|Andre Miller comes off the bench for the Denver Nuggets, but his career isn't over yet. (sportsillustrated.cnn.com)|
It must be a strange feeling for Andre Miller.
The 13-year NBA vet's world was quite a bit different than Ty Lawson's in 1999. Miller was the No. 8 pick in the NBA Draft, going to the Cleveland Cavaliers, and Lawson was, well, not even 12 years old.
When Lawson was entering high school at 15, Miller was playing for the United States national team at the 2002 Men's World Championships. While Lawson was a starter at North Carolina in 2006-07, Miller was in his first stint with the Nuggets, averaging 13 points per game and career second-best 9.1 assists per game.
Now Miller is Lawson's backup (in the sense they are both labeled point guards, yet Miller and Lawson will often be in the lineup together as well), just two years removed from starting all 81 games he played in with the Portland Trail Blazers.
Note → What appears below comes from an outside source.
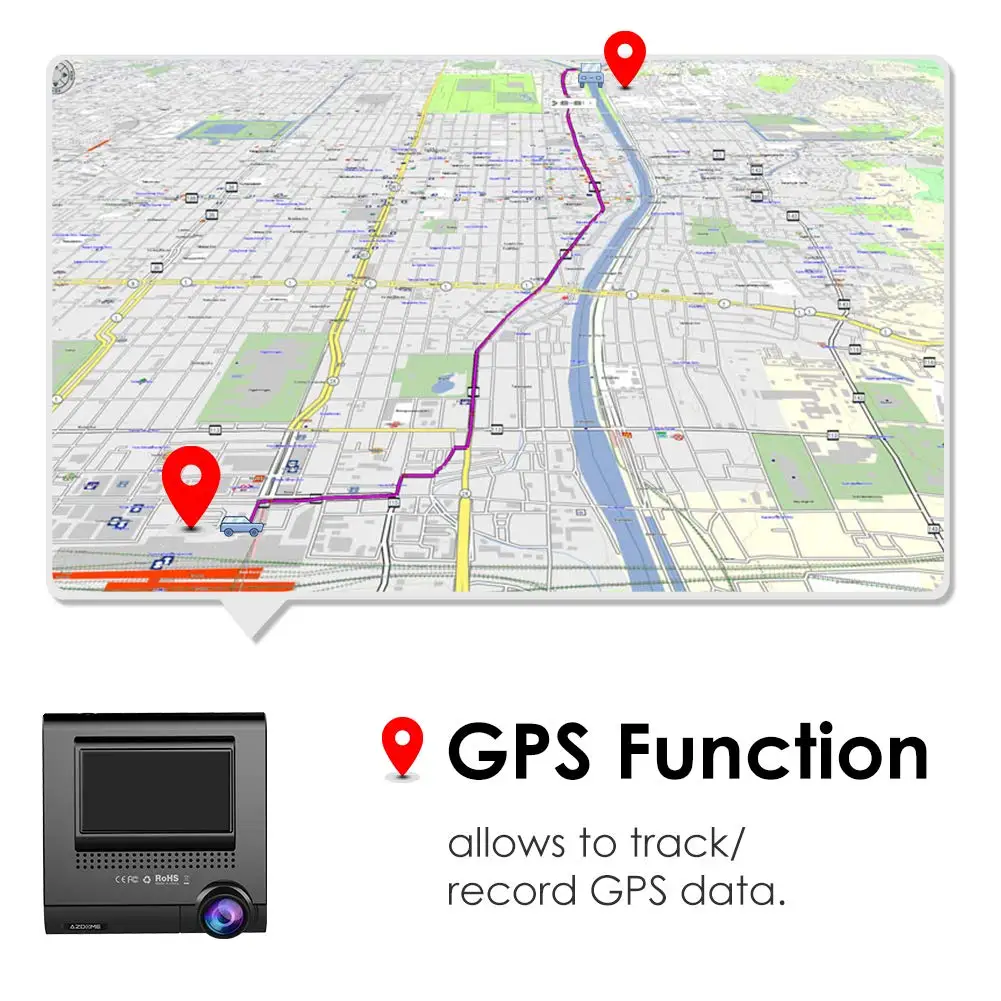 AZDOME M05 World First 3 &quotOLED сенсорный экран Автомобильный видеорегистратор с GPS камерой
It's easy to say Miller is too old (being 37) and is nearing the twilight of his career. He may be close, and he may spend the majority of the time coming off the bench, but Miller is not finished yet.
Game one of this first-round series against Golden State packed as powerful of a statement as Miller could have made. Miller scored 28 points in 27 minutes, including the game-winning layup to give the Nuggets the early advantage in the series. It could have been a fluke, except he followed up the performance with 18 points in 27 minutes in game two. That's a 23 ppg average so far this postseason. Lawson is averaging 15.5. This is not to say Miller deserves the starting job (it is a small sample size to say the least) but he's not a throw-away player either.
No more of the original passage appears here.